─── RECORDED DATA ───

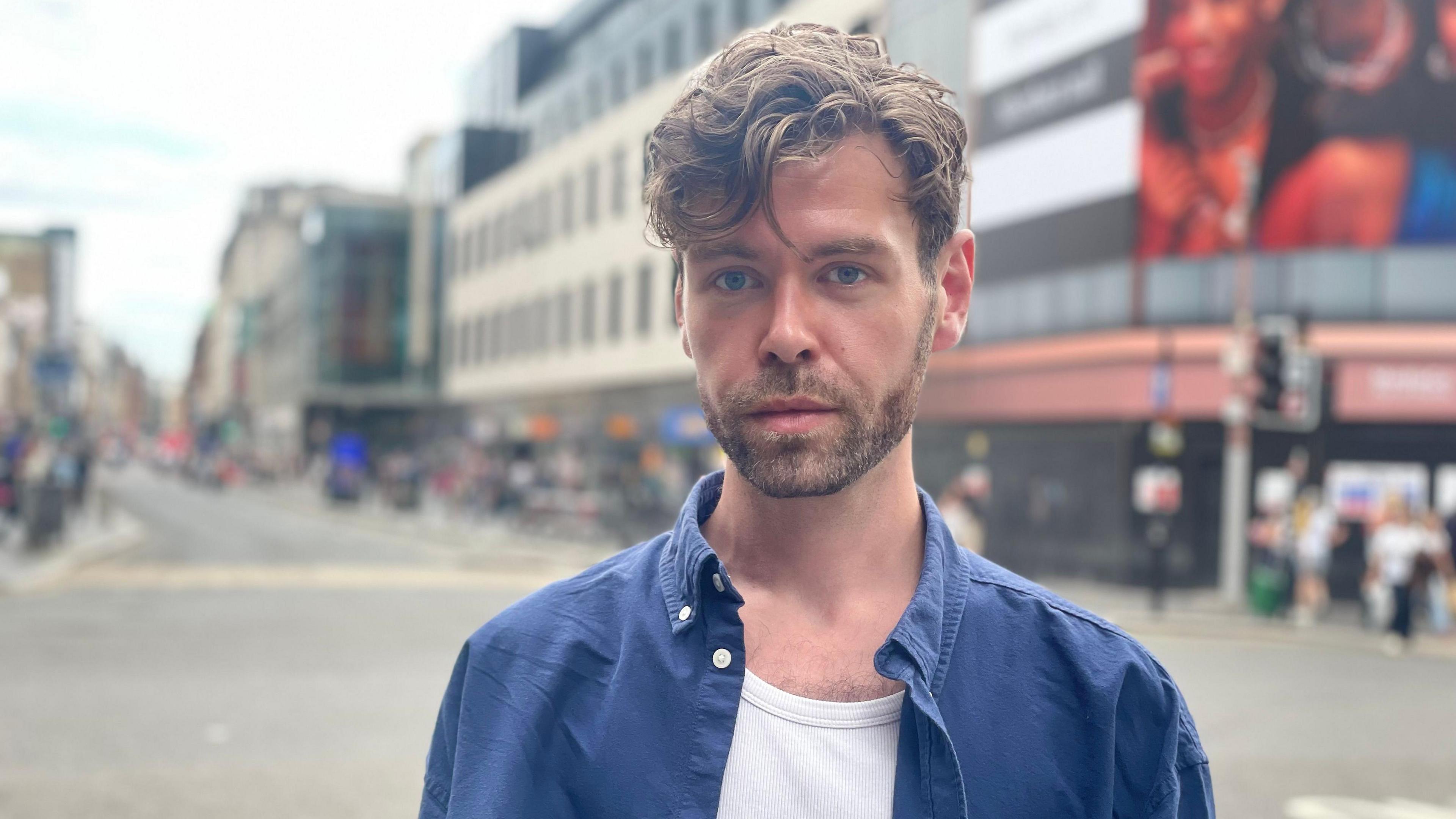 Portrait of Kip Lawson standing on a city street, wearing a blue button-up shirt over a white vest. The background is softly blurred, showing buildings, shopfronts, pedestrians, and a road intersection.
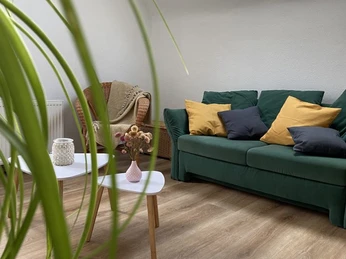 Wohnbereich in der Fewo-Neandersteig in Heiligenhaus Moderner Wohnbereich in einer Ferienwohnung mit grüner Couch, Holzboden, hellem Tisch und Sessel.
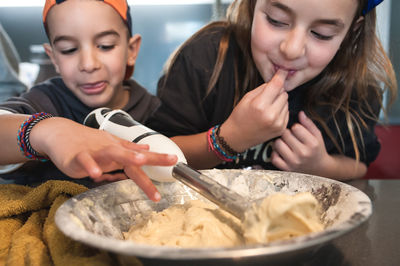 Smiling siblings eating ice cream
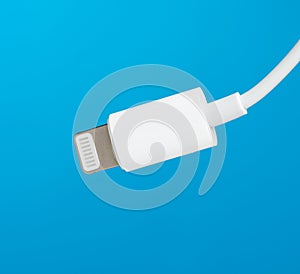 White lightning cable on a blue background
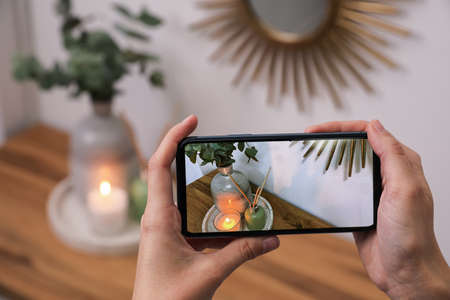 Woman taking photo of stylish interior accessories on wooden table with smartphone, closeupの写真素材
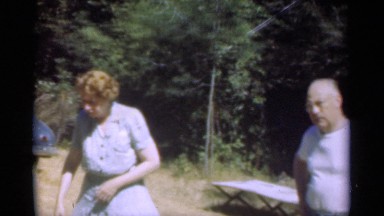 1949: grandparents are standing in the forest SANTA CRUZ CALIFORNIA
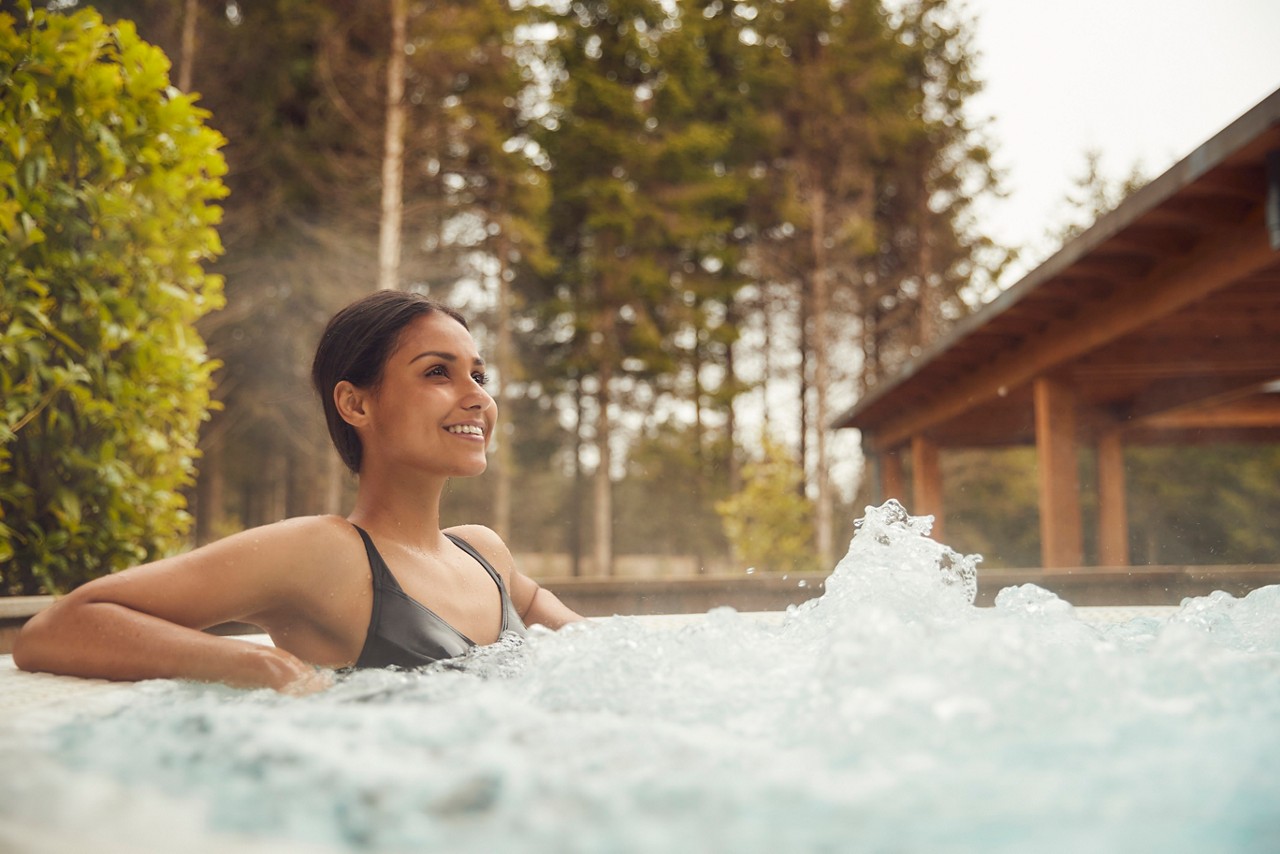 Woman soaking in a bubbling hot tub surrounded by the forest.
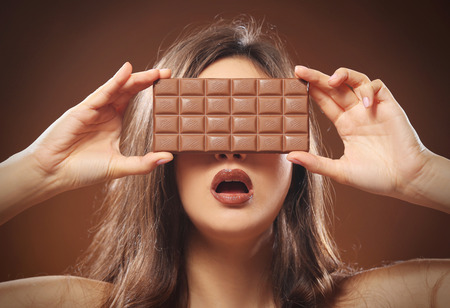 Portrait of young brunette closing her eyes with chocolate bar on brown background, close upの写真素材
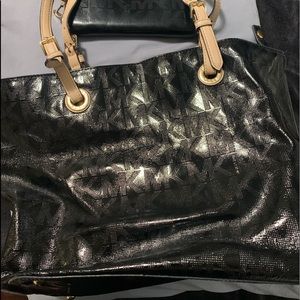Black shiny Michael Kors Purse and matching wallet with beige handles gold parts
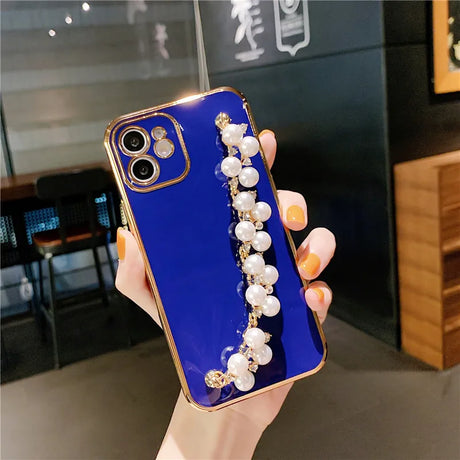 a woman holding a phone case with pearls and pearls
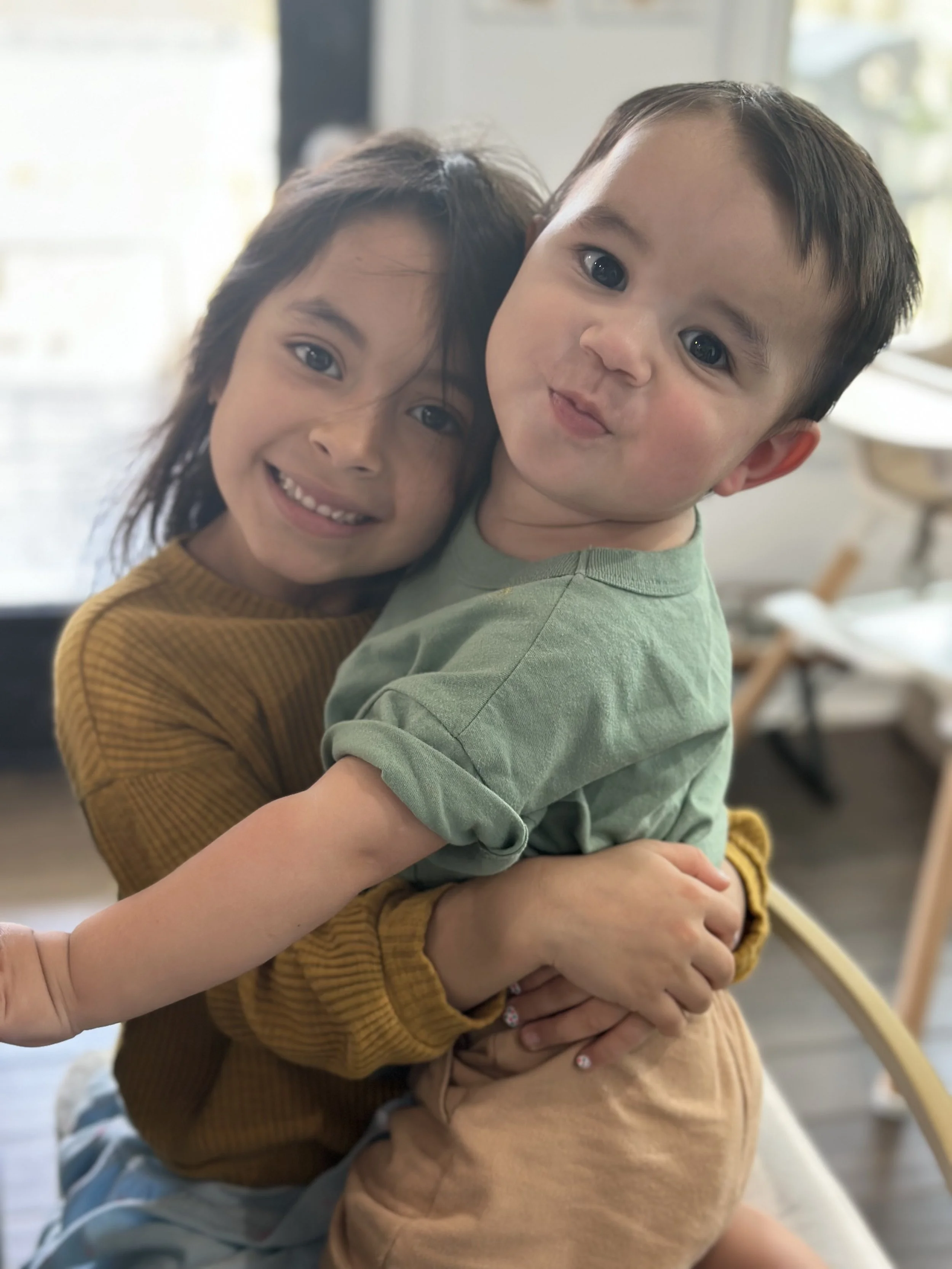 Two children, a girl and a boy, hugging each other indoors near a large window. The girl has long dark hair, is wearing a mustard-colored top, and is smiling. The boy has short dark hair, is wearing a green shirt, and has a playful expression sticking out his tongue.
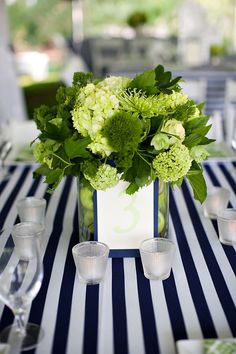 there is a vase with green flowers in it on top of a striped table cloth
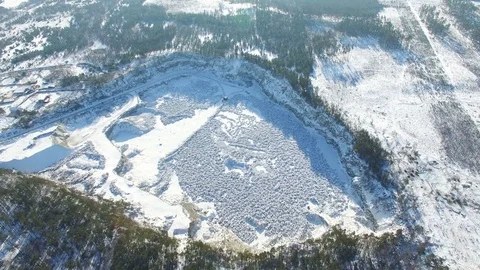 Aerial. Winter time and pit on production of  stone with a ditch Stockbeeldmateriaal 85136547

───

• [AIM OF THE TASK]: Copy everything above from the line holding "Wohnbereich in der" down to the line holding "1949: grandparents are", both ends included, exactly as it stands and without the pictures.

• [ANSWER TO THE EXERCISE]:
 Wohnbereich in der Fewo-Neandersteig in Heiligenhaus Moderner Wohnbereich in einer Ferienwohnung mit grüner Couch, Holzboden, hellem Tisch und Sessel.
 Smiling siblings eating ice cream
 White lightning cable on a blue background
 Woman taking photo of stylish interior accessories on wooden table with smartphone, closeupの写真素材
 1949: grandparents are standing in the forest SANTA CRUZ CALIFORNIA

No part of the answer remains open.